┌─ DATASET
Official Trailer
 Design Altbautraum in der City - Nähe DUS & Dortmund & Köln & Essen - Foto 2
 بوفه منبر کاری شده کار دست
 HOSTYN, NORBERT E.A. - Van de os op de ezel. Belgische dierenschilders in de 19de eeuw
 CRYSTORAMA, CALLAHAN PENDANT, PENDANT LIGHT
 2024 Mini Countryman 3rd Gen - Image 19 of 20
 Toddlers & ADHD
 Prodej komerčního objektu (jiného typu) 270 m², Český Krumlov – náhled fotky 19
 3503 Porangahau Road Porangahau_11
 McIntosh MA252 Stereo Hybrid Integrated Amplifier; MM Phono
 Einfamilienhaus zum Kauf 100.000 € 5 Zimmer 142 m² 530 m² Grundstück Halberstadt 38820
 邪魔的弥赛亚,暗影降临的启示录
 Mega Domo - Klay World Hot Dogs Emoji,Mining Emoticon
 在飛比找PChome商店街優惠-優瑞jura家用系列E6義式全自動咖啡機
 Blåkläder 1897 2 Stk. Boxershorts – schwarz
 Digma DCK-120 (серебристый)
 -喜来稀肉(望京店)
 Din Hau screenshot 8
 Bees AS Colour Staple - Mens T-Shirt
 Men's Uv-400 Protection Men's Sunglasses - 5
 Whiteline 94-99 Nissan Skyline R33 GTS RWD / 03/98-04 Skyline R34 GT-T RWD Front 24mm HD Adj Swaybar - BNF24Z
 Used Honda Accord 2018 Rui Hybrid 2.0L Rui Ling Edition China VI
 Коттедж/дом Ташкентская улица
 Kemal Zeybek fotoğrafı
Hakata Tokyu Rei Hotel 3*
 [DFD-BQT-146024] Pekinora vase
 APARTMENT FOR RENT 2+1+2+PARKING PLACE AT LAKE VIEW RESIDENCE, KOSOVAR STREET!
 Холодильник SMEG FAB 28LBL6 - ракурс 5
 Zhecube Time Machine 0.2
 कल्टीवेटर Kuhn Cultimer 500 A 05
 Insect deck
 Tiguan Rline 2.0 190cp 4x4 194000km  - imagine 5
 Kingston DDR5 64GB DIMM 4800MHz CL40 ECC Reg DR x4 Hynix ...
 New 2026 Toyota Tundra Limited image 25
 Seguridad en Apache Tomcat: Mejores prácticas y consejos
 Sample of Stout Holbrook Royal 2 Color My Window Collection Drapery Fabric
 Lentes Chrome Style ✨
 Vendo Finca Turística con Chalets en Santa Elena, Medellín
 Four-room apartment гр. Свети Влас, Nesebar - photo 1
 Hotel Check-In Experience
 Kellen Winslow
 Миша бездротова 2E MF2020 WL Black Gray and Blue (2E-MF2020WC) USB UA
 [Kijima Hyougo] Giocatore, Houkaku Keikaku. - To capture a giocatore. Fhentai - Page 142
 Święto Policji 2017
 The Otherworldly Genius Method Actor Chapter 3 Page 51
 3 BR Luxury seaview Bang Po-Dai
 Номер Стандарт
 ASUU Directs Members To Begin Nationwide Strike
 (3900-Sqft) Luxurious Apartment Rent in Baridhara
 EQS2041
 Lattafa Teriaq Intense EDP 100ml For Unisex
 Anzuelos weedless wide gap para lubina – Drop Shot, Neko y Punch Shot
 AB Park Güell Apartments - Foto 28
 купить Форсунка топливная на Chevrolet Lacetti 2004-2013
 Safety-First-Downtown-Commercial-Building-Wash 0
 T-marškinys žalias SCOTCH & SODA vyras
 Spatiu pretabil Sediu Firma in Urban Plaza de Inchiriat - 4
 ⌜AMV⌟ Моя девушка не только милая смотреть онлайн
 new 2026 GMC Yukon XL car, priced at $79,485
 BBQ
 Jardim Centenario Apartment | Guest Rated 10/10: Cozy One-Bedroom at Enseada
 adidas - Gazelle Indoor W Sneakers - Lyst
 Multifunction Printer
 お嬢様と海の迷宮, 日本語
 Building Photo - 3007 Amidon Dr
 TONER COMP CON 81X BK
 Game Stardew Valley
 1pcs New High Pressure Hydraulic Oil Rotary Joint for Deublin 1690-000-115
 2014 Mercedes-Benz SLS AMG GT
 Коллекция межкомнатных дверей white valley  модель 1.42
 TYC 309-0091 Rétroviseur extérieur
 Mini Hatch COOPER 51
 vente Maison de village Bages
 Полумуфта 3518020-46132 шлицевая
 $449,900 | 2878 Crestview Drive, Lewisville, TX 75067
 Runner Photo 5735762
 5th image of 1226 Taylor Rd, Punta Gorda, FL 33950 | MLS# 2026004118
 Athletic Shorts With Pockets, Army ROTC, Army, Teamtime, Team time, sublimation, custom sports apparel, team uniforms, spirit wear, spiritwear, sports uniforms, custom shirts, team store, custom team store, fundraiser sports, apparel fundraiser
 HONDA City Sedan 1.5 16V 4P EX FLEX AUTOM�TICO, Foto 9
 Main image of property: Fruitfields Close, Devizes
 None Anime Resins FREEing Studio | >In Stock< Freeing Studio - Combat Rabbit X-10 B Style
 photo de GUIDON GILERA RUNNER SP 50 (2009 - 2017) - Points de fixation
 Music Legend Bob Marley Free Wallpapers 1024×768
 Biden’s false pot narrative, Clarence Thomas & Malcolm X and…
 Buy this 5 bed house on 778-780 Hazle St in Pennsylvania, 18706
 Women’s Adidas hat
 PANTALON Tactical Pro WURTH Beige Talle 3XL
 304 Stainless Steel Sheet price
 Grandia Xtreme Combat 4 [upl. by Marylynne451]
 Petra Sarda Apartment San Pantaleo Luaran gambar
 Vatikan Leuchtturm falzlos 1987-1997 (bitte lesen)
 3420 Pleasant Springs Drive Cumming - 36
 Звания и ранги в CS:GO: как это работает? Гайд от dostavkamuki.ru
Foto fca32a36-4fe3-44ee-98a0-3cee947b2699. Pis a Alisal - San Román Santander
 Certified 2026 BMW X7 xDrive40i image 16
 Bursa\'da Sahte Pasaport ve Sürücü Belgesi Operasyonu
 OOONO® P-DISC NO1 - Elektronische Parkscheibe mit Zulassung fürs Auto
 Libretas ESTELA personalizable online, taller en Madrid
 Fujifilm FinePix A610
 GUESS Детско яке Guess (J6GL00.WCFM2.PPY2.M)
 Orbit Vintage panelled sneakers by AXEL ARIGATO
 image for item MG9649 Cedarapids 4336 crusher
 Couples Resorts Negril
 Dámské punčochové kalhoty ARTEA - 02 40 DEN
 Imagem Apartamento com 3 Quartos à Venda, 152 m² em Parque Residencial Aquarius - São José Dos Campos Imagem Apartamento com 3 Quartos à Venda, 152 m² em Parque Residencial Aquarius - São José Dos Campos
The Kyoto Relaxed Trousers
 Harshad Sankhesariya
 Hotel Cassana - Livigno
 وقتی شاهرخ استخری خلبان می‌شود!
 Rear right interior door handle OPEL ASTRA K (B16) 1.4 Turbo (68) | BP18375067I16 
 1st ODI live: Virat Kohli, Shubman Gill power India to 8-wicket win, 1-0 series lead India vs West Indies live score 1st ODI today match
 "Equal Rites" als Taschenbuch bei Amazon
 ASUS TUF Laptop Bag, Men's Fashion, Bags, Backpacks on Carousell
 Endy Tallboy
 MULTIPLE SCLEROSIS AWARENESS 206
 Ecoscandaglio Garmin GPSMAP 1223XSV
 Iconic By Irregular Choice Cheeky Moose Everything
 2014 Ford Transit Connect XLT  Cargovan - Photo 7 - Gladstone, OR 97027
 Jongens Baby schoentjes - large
└─
# WORK INSTRUCTION
Return only the exact lines from the opening of the records through the line that contains "Kellen Winslow", both included.

# SOLUTION
Official Trailer
 Design Altbautraum in der City - Nähe DUS & Dortmund & Köln & Essen - Foto 2
 بوفه منبر کاری شده کار دست
 HOSTYN, NORBERT E.A. - Van de os op de ezel. Belgische dierenschilders in de 19de eeuw
 CRYSTORAMA, CALLAHAN PENDANT, PENDANT LIGHT
 2024 Mini Countryman 3rd Gen - Image 19 of 20
 Toddlers & ADHD
 Prodej komerčního objektu (jiného typu) 270 m², Český Krumlov – náhled fotky 19
 3503 Porangahau Road Porangahau_11
 McIntosh MA252 Stereo Hybrid Integrated Amplifier; MM Phono
 Einfamilienhaus zum Kauf 100.000 € 5 Zimmer 142 m² 530 m² Grundstück Halberstadt 38820
 邪魔的弥赛亚,暗影降临的启示录
 Mega Domo - Klay World Hot Dogs Emoji,Mining Emoticon
 在飛比找PChome商店街優惠-優瑞jura家用系列E6義式全自動咖啡機
 Blåkläder 1897 2 Stk. Boxershorts – schwarz
 Digma DCK-120 (серебристый)
 -喜来稀肉(望京店)
 Din Hau screenshot 8
 Bees AS Colour Staple - Mens T-Shirt
 Men's Uv-400 Protection Men's Sunglasses - 5
 Whiteline 94-99 Nissan Skyline R33 GTS RWD / 03/98-04 Skyline R34 GT-T RWD Front 24mm HD Adj Swaybar - BNF24Z
 Used Honda Accord 2018 Rui Hybrid 2.0L Rui Ling Edition China VI
 Коттедж/дом Ташкентская улица
 Kemal Zeybek fotoğrafı
Hakata Tokyu Rei Hotel 3*
 [DFD-BQT-146024] Pekinora vase
 APARTMENT FOR RENT 2+1+2+PARKING PLACE AT LAKE VIEW RESIDENCE, KOSOVAR STREET!
 Холодильник SMEG FAB 28LBL6 - ракурс 5
 Zhecube Time Machine 0.2
 कल्टीवेटर Kuhn Cultimer 500 A 05
 Insect deck
 Tiguan Rline 2.0 190cp 4x4 194000km  - imagine 5
 Kingston DDR5 64GB DIMM 4800MHz CL40 ECC Reg DR x4 Hynix ...
 New 2026 Toyota Tundra Limited image 25
 Seguridad en Apache Tomcat: Mejores prácticas y consejos
 Sample of Stout Holbrook Royal 2 Color My Window Collection Drapery Fabric
 Lentes Chrome Style ✨
 Vendo Finca Turística con Chalets en Santa Elena, Medellín
 Four-room apartment гр. Свети Влас, Nesebar - photo 1
 Hotel Check-In Experience
 Kellen Winslow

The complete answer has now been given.